I have to look at how i can improve the decay accuracy.
> metrics for tasks that run for more than 1ms at the time if
> __update_load_avg() isn't called every 1ms.
>
> I did a quick test to confirm this using a single periodic task and
> changing the compute capacity.
>
> util_avg
> capacity mainline patch
> 1024 ~359 ~352
> 512 ~340 ~534
>
> Execution time went from 1.4ms to 2.8ms per activation without
> overloading the cpu.
At the opposite, there are some use cases where the proposed util_avg
is more accurate. In fact, this mainly depends of which part of the
decay or the load is preponderant in the value of util_avg/load_avg
As soon as the running time is around 100ms, we "saturate" the
load_avg or the util_avg. So a task that runs 50ms each 150ms at max
capacity will be around 695 for both util_avg and load_avg, whereas it
will be around 470 for util_avg and 940 for load_avg at half capacity
(due uarch) as the duration becomes 100ms. For this example, we have
lost the scale invariance with current implementation. With the
proposed changes, the util_avg and the load_avg would be 750.
>
> The fundamental idea in scale invariance is that util_avg should be
> comparable between cpu at any capacity as long none of them are
> over-utilized. This isn't preserved by the patch in its current form.
>
>> With this change, we don't have to test if a CPU is overloaded or not in
>> order to use one metric (util) or another (load) as all metrics are always
>> valid.
>
> I'm not sure what you mean by always valid. util_avg is still not a
> meaningful metric for tasks running on over-utilized cpus, so it can not
> be used unconditionally. If util_avg > capacity we still have no clue if
> the task can fit on a different cpu with higher capacity.

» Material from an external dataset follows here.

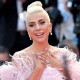 Lady Gaga a polgárpukkasztó stílusáról híres, és ez korábban a manikűrjeiben is megmutatkozott. Az utóbbi időben viszont konzervatívabb lett, ezzel párhuzamosan a durva, hosszú, boszorkányos körmök is eltűntek.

That's one side goal of changing the way the scale invariance is taken
into account in util_avg. Being > current capacity can still be
meaningful
>
>> I have put below some examples of duration to reach some typical load value
>> according to the capacity of the CPU with current implementation
>> and with this patch.
>>
>> Util (%) max capacity half capacity(mainline) half capacity(w/ patch)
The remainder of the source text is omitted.